_Records provided_:
━━━━━━━━━━━━━━━━

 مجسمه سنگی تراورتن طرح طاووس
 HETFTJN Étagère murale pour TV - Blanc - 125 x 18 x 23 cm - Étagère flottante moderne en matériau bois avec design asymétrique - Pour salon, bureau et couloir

━━━━━━━━━━━━━━━━

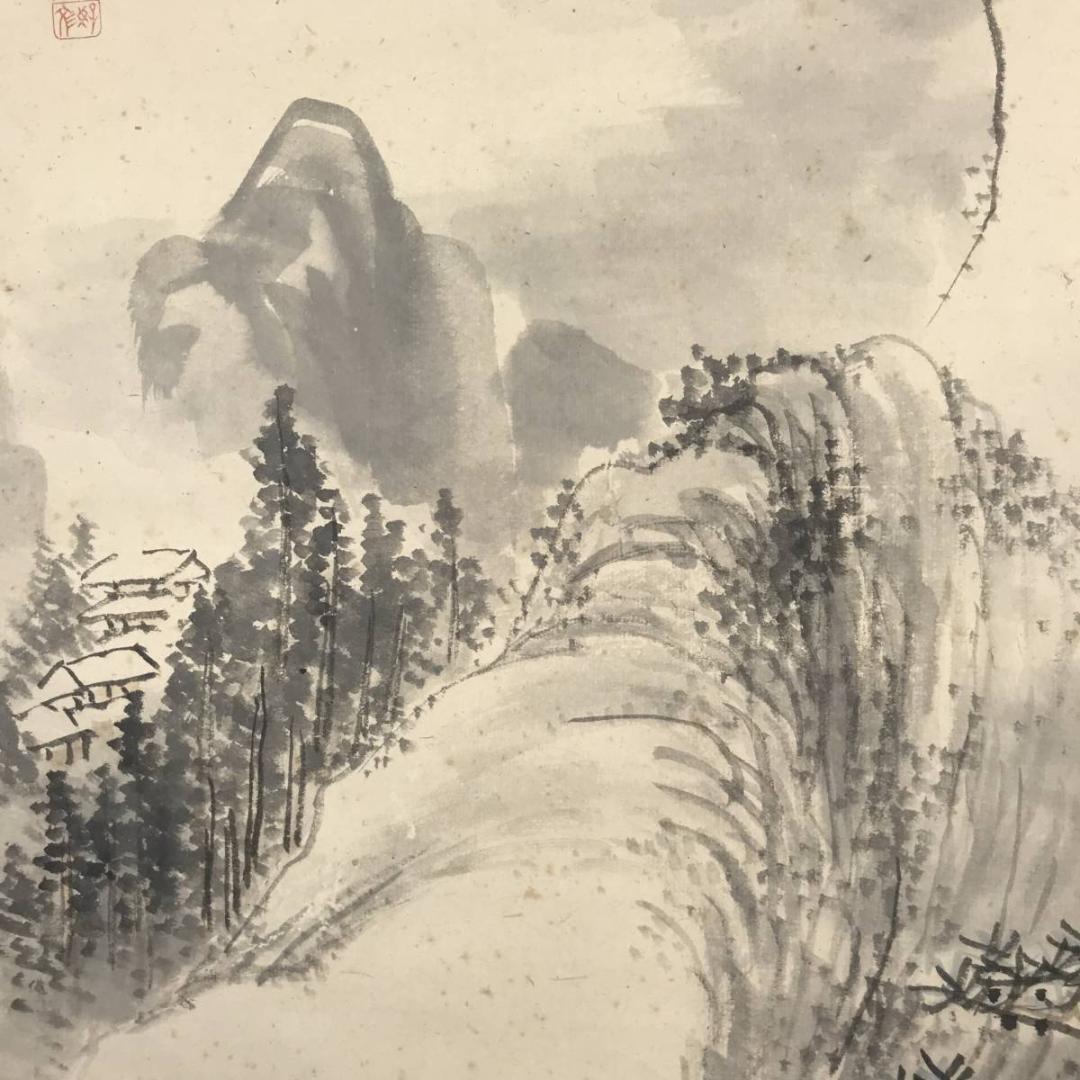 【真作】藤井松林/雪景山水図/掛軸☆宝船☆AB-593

━━━━━━━━━━━━━━━━

_What the exercise asks_:
From the listing above, the lines starting with the one that has "مجسمه سنگی تراورتن طرح طاووس" and running through the one that has "HETFTJN Étagère murale" should be copied exactly, ends included.

_Output below_:
 مجسمه سنگی تراورتن طرح طاووس
 HETFTJN Étagère murale pour TV - Blanc - 125 x 18 x 23 cm - Étagère flottante moderne en matériau bois avec design asymétrique - Pour salon, bureau et couloir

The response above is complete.